The provocateur filmmaker is campaigning for an end to what he says is the "evil" in our economic system and a return to the days when our lives weren't so defined by money. It's an ambitious theme, but some of his arguments in "Capitalism: A Love Story" fall apart on closer inspection.
Moore's trademark attack style will be familiar to viewers of his previous movies like "Roger & Me" and "Fahrenheit 9/11." The opening scene includes shots of different bank robberies, which Moore sees as a metaphor for how taxpayers were looted. The film closes with him putting crime-scene tape around the New York Stock Exchange and some Wall Street banks.

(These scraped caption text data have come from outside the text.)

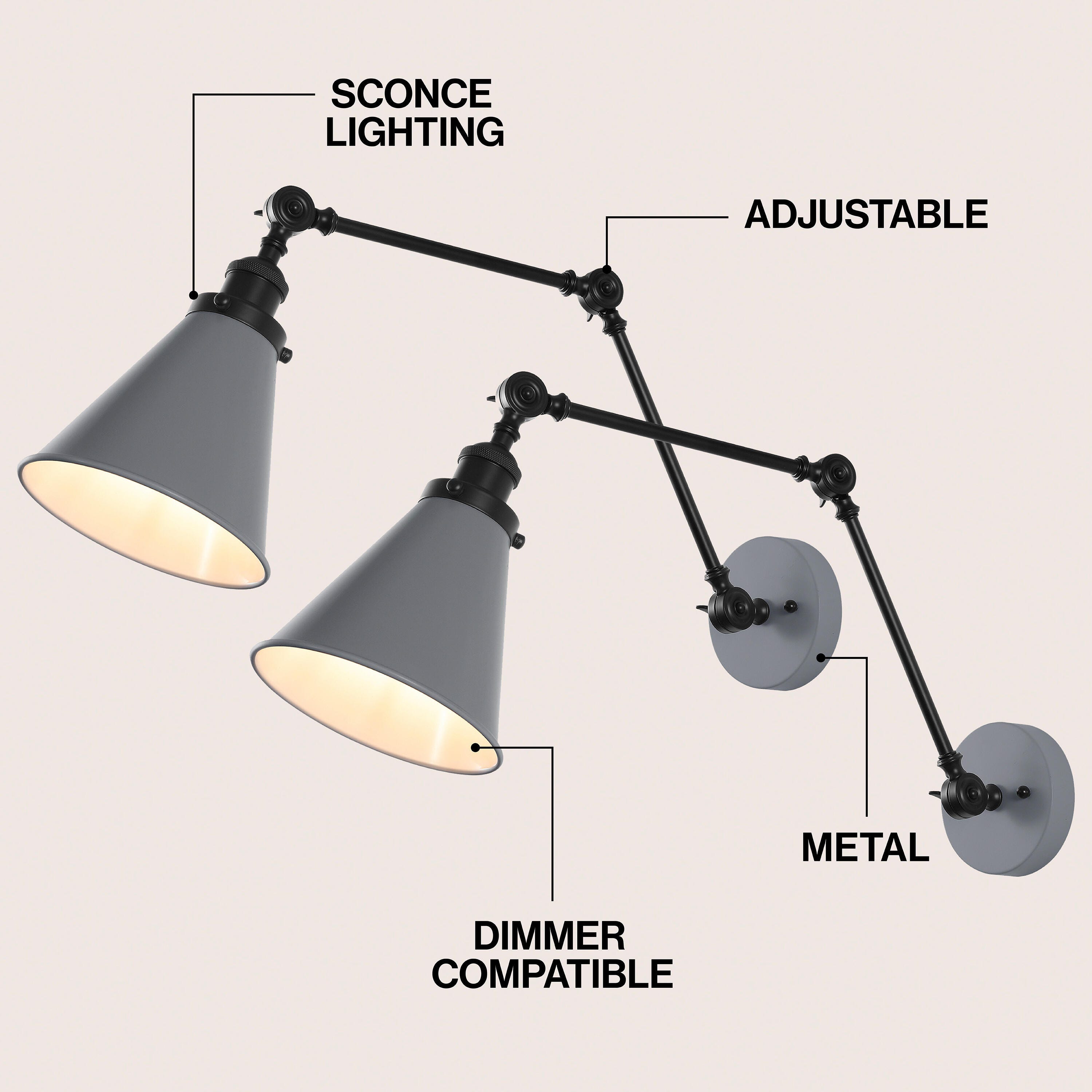 JONATHAN Y Rover Wall Sconce (Set of 2), Gray/Black, large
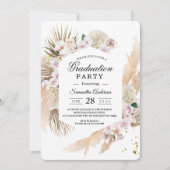 Elegante Boho Pampas & Orchid Graduation Party Einladung (Vorderseite)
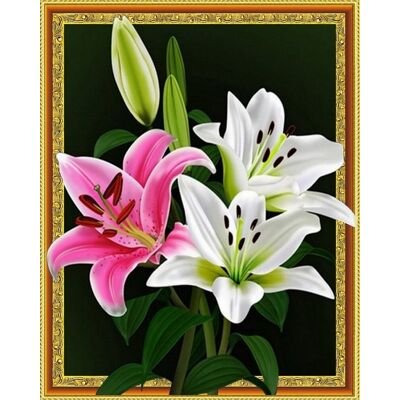 Moments Haft Diamentowy Delikatne Lilie 40X50 Moments Haft Diamentowy Delikatne Lilie 40X50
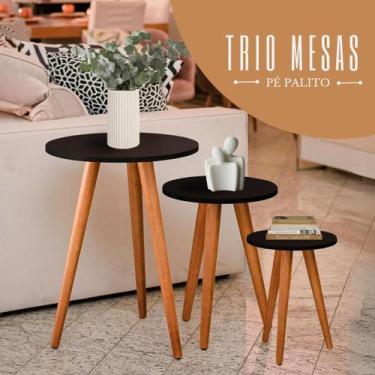 Imagem de Kit Trio Jogo de Mesas Lateral Decorativas - Kelan, Preta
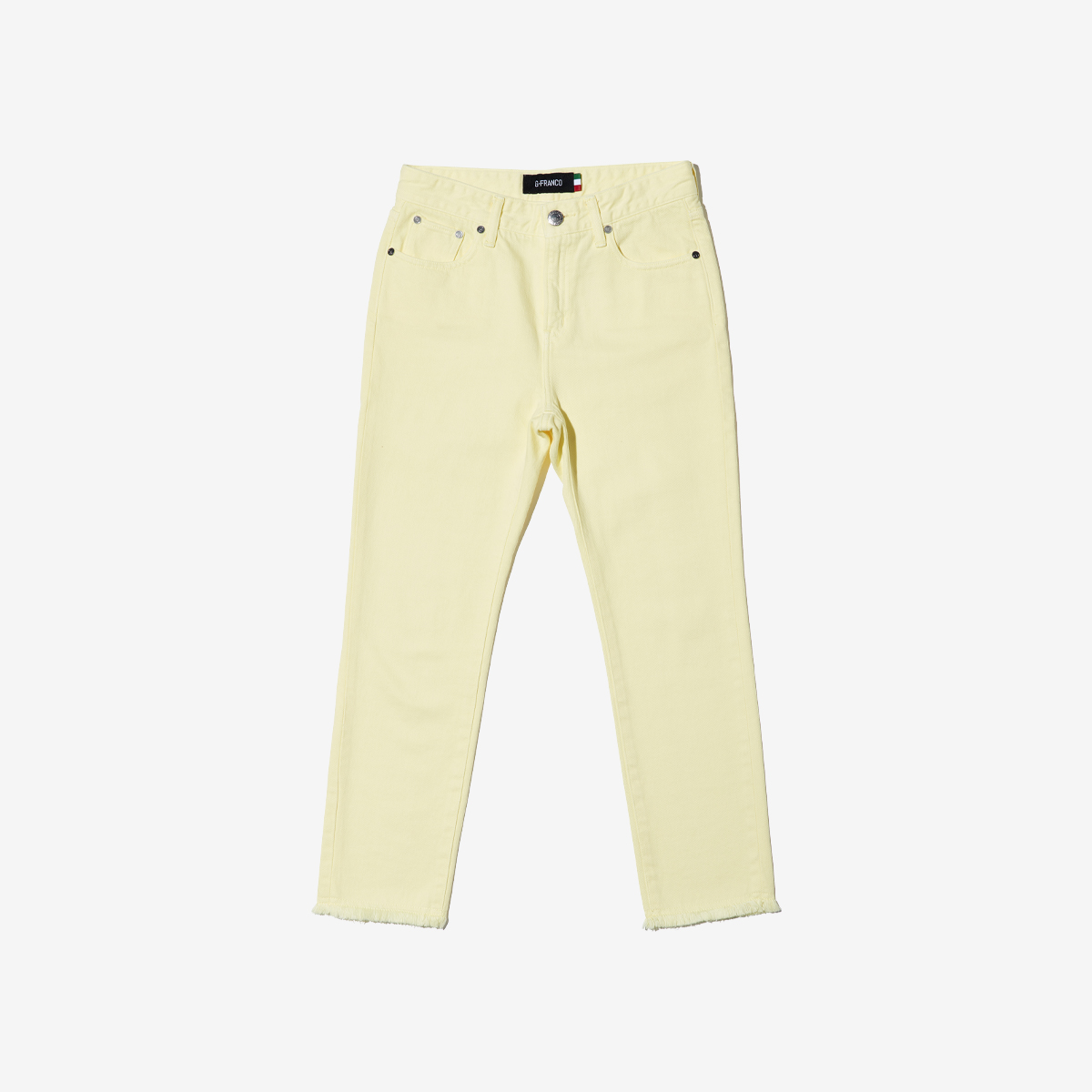 G-FRANCOのレディースジーンズ、COLOR DENIM（カラーデニム）Yellow（イエロー）の正面からの全体図
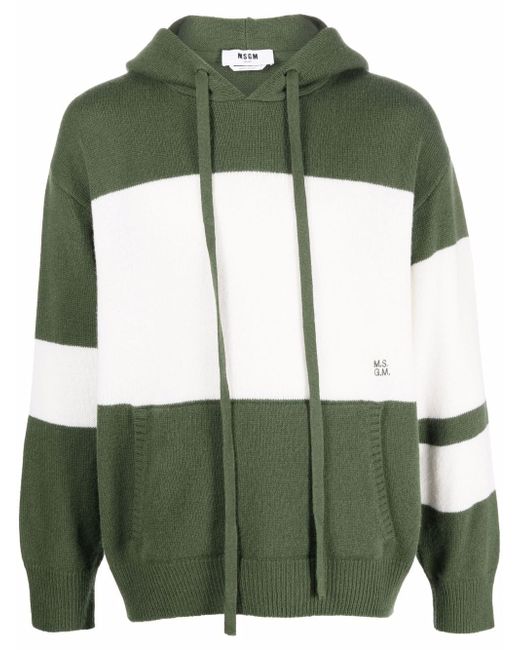 Msgm two-tone knitted hoodie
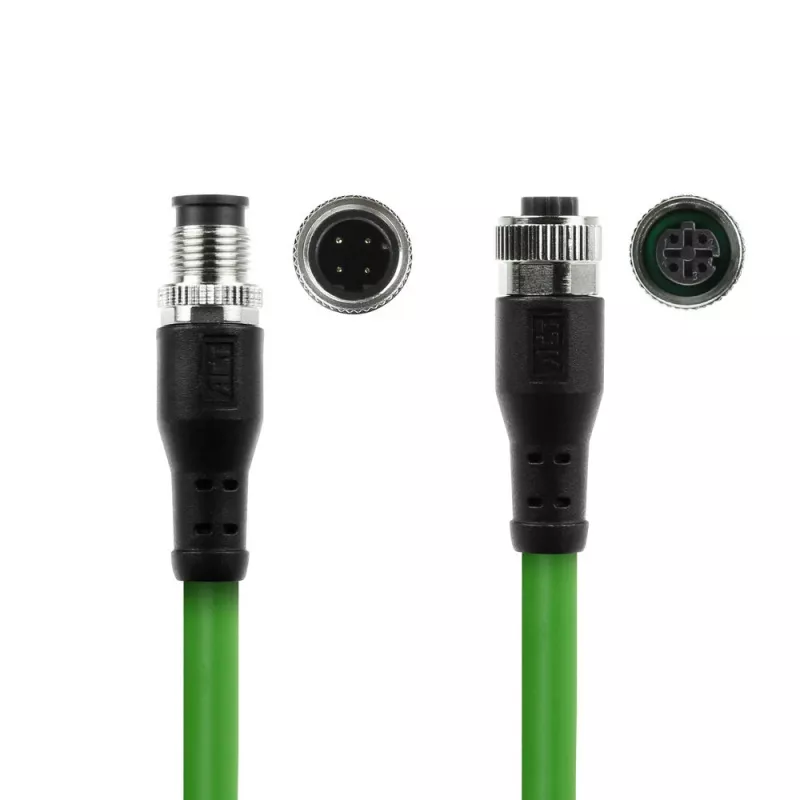 Cabo de sensor ACT Industrial 3,00 metros M12D 4 pinos ficha macho para ficha macho M12D 4 pinos, cabo TPE Superflex Xtreme, blindado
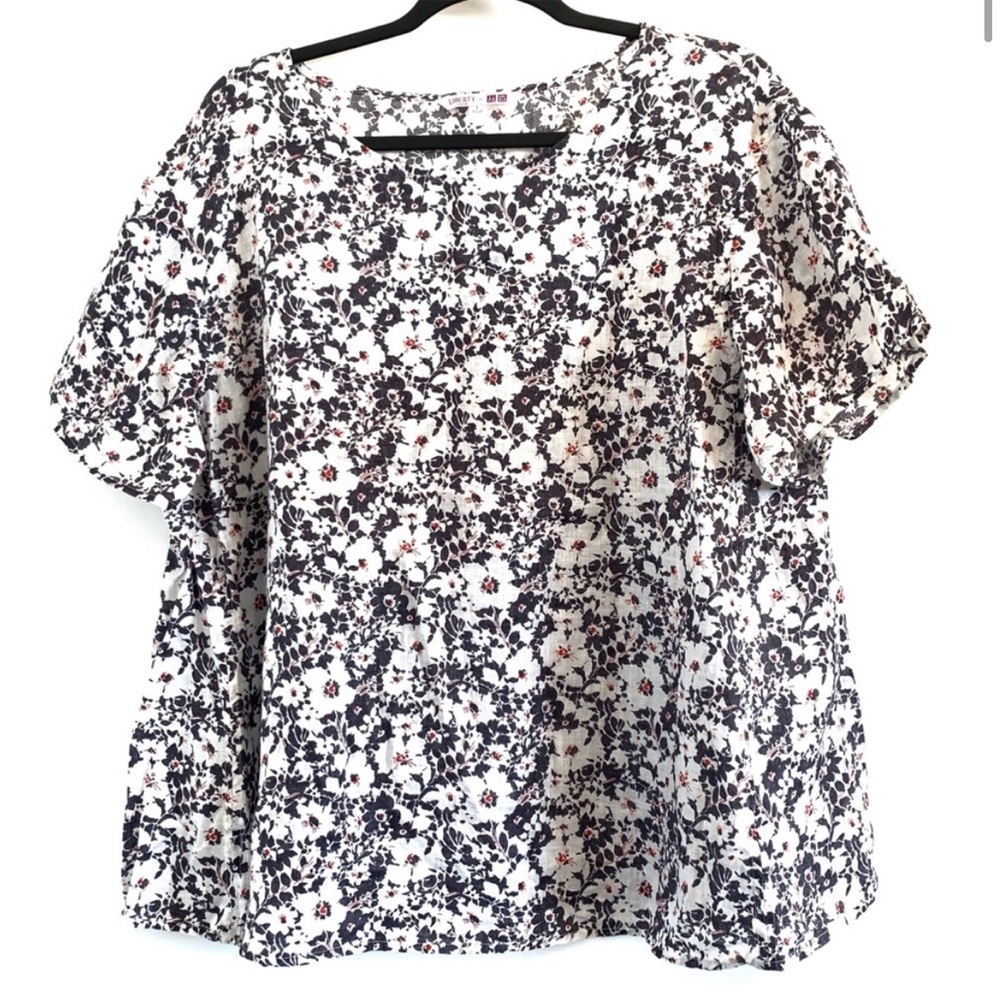 Linen Grey and White Floral Patterned Blouse Large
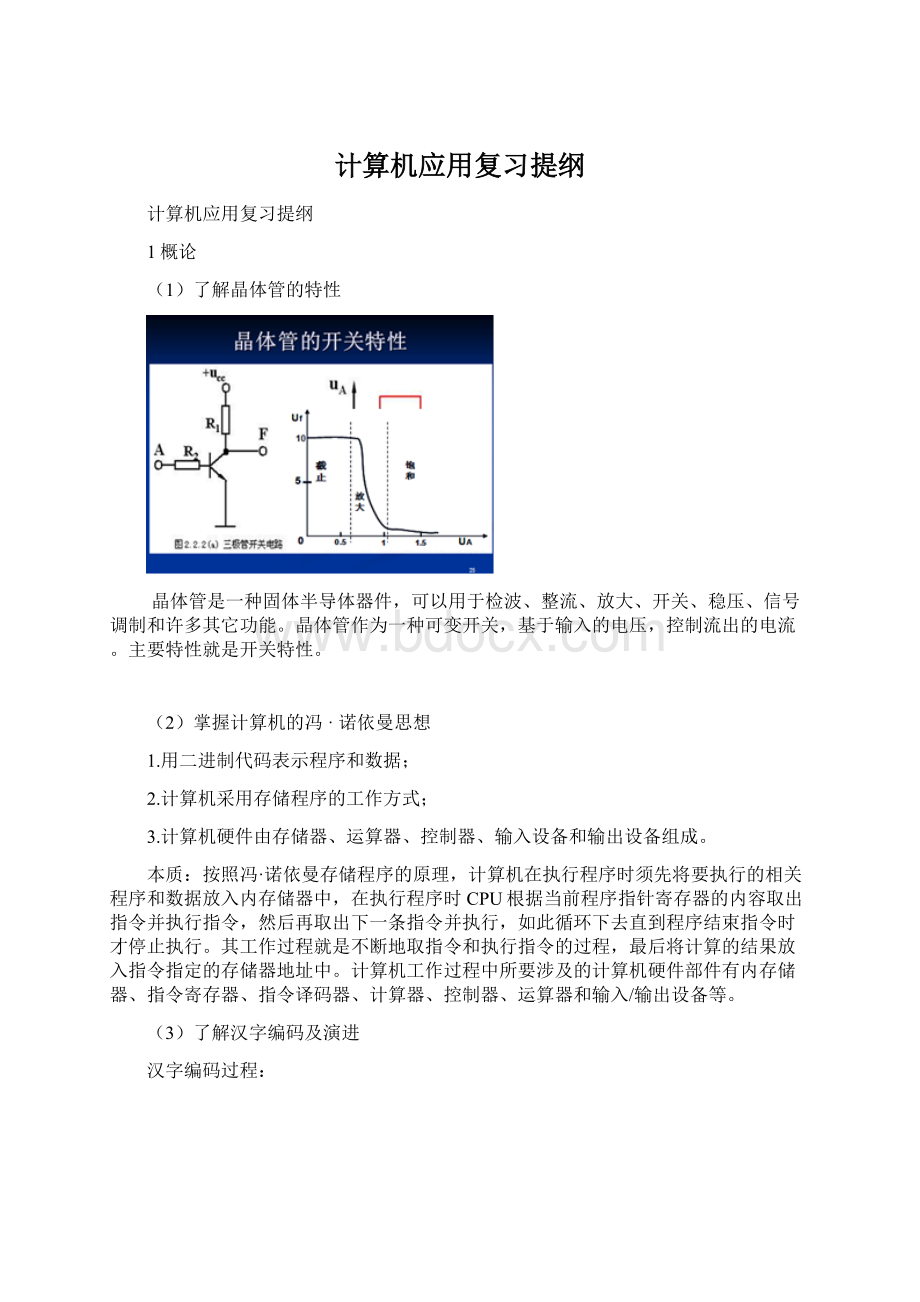 计算机应用复习提纲.docx_第1页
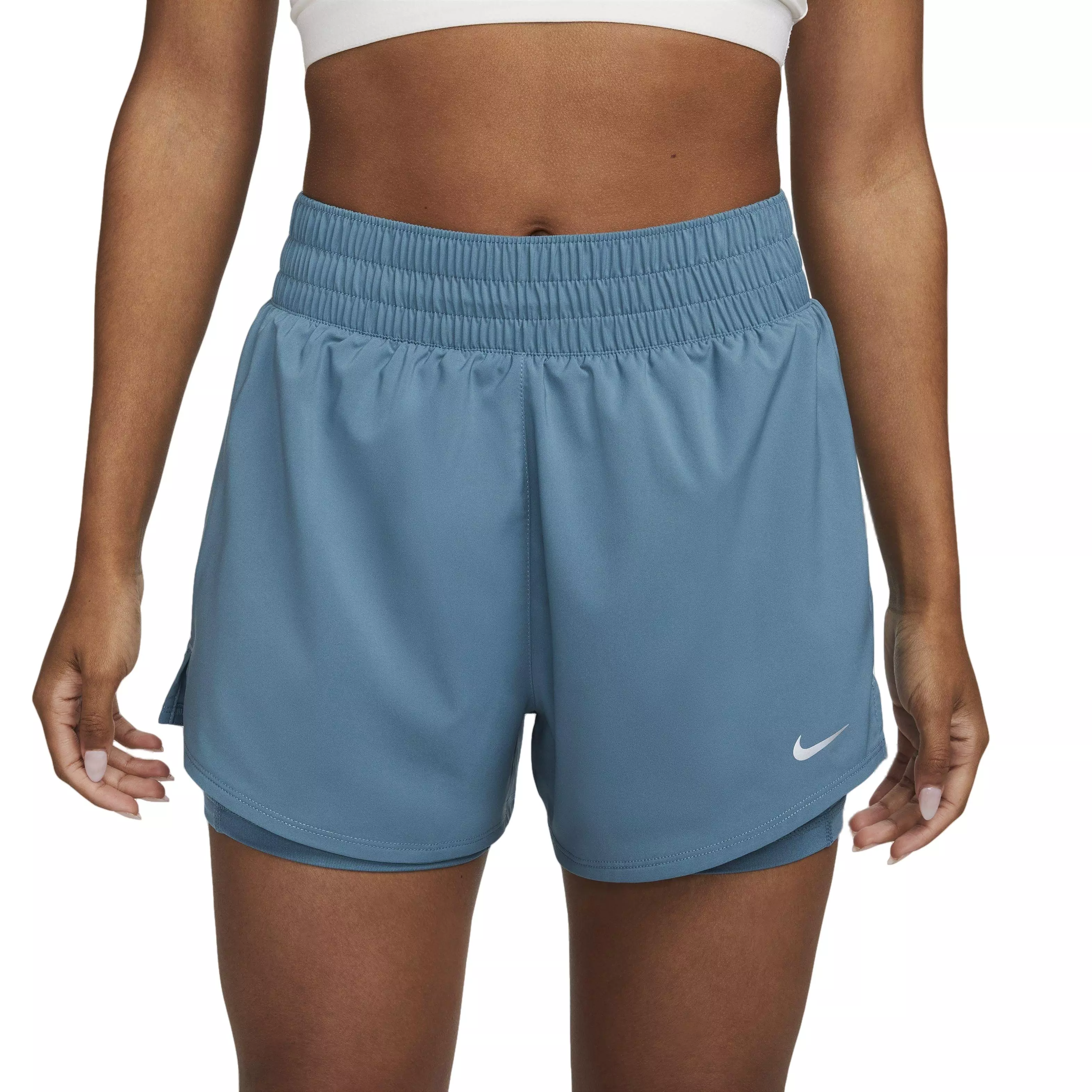 Nike Women's One Dri-FIT High-Waisted 3" 2-in-1 Shorts - AQUA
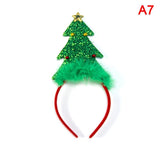 HULIANFU 2023 Christmas Headbands Santa Tree Elk Antlers Headband Kids Adult Headwear Reindeer Ornaments Christmas Decor Party Cosplay Gifts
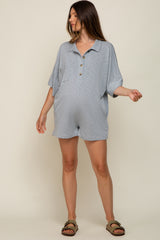 Grey Heathered Front Button Maternity Romper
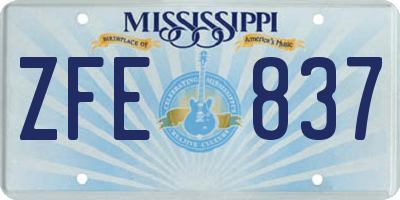 MS license plate ZFE837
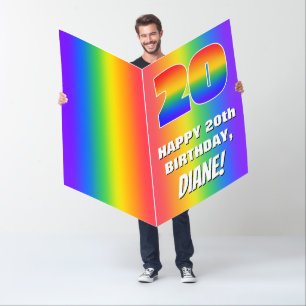 20th Birthday: Colorful, Fun Rainbow Pattern # 20 Card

In between are old-time film clips, heart-tugging scenes as families are forced out of their homes by foreclosure and stunts like showing up at American International Group's headquarters in New York with a bullhorn, insisting he wants to make a citizen's arrest.
His message is that capitalism brings out the worst of society. How else to explain why owners of privately operated juvenile detention centers in Pennsylvania paid off two judges to lock up young offenders?
There may be more to the story than is told in the film, which is now playing in New York and Los Angeles and opening across the country Oct. 2. That's partly a function of events overtaking the narrative since filming ended. But that's not always the case. Consider these three points in the film, which Moore discussed with The Associated Press in a telephone interview.
Moore's take: Wall Street robbed taxpayers
It's pure theater when Moore arrives in an armored bank truck at the headquarters of Goldman Sachs Group Inc. Holding a white bag with a big dollar sign on it, he tells a security guard he is there to collect the $10 billion in taxpayers' funds that went to the investment bank. He doesn't get past the front door.
The facts: Three months after that scene was shot, Goldman Sachs was one of 10 large banks that repaid in June some $68 billion they received from the $700 billion Troubled Assets Relief Program. Since then other large financial companies have repaid funds, too, including Chrysler Financial and American Express Co.
Still, many large banks haven't repaid the TARP money. Citigroup Inc. and Bank of America Corp. each received $45 billion and have yet to repay those funds.
Not all of the $700 billion in TARP funds have been disbursed. The total peaked at $425 billion.
Moore's response: "Let's be clear on this. We're not talking about the majority of people who took the money ... not even 10 percent of the $700 billion has been returned."
Moore's take: You're better off dead — at least that's how some companies view their workers
The facts: Moore highlights an ugly truth about insurance policies that benefit companies, not the employees, when workers die. Wal-Mart Stores Inc. is scathed for its use of such "dead peasant" policies. Moore notes how the sudden death of a 26-year-old former Wal-Mart worker resulted in a $81,000 life insurance payout to the retailer.
But it's never mentioned in the body of the film that in 2000 the world's largest retailer canceled all 350,000 of these policies it took out on employees between 1993 and 1995.
Moore's response: No misrepresentation here, he says: Wal-Mart's termination of the insurance policies is included in a 7-minute-long presentation of facts and quotes on different issues relating to the movie shown in the closing credits.